§ What the task requires
Begin the copy at the line containing "Продам 3х квартиру" in the data below and end it at the line containing "2917 Waterford Dr, Irving, TX, 75063-3193", keeping each line exact and leaving out pictures.

§ Records to process

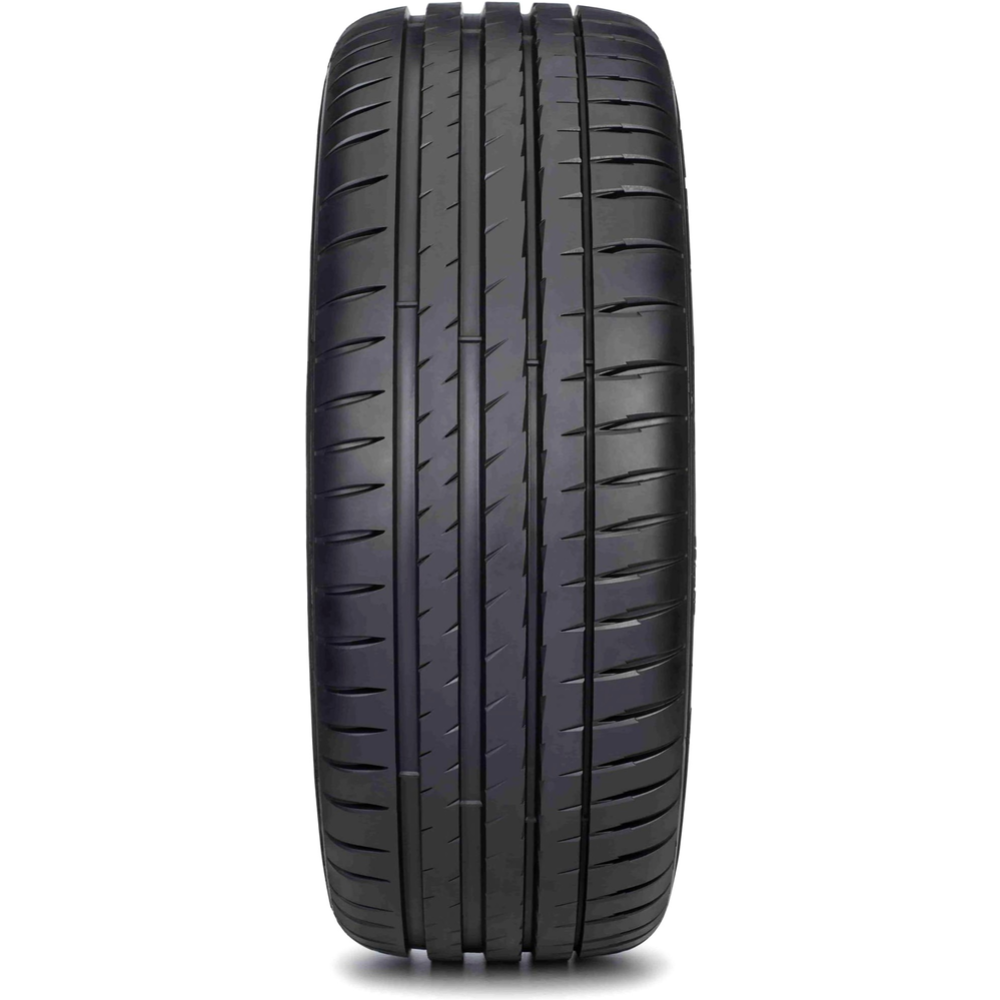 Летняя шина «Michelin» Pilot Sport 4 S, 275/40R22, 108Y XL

==

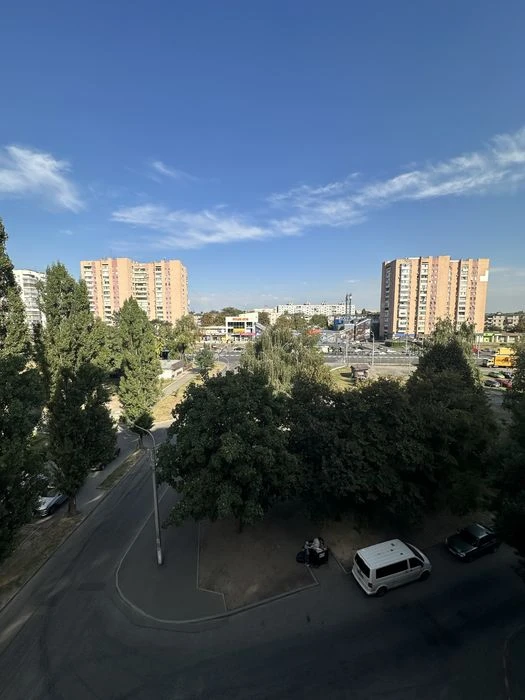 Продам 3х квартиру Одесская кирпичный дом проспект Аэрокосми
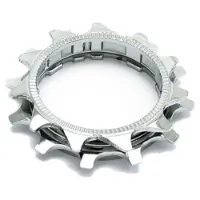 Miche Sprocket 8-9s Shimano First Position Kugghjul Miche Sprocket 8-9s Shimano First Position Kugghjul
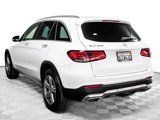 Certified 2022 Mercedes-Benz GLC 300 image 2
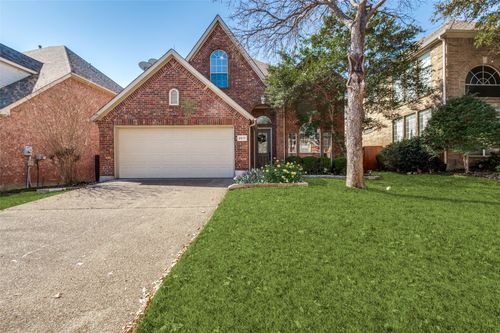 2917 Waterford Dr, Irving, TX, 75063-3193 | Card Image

---

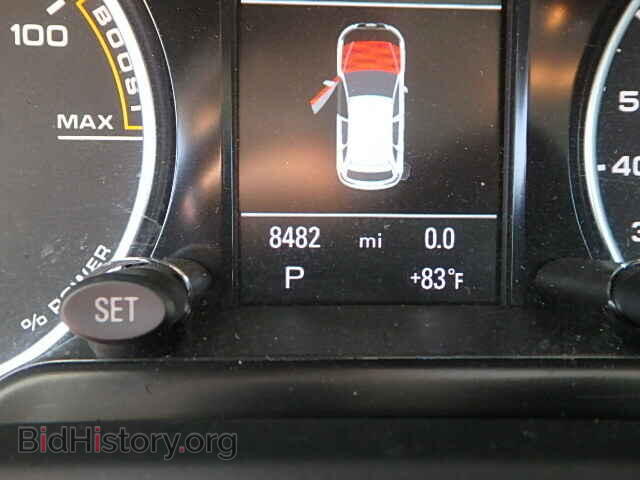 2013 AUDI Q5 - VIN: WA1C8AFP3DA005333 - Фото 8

§ Written reply
 Продам 3х квартиру Одесская кирпичный дом проспект Аэрокосми
 Miche Sprocket 8-9s Shimano First Position Kugghjul Miche Sprocket 8-9s Shimano First Position Kugghjul
 Certified 2022 Mercedes-Benz GLC 300 image 2
 2917 Waterford Dr, Irving, TX, 75063-3193 | Card Image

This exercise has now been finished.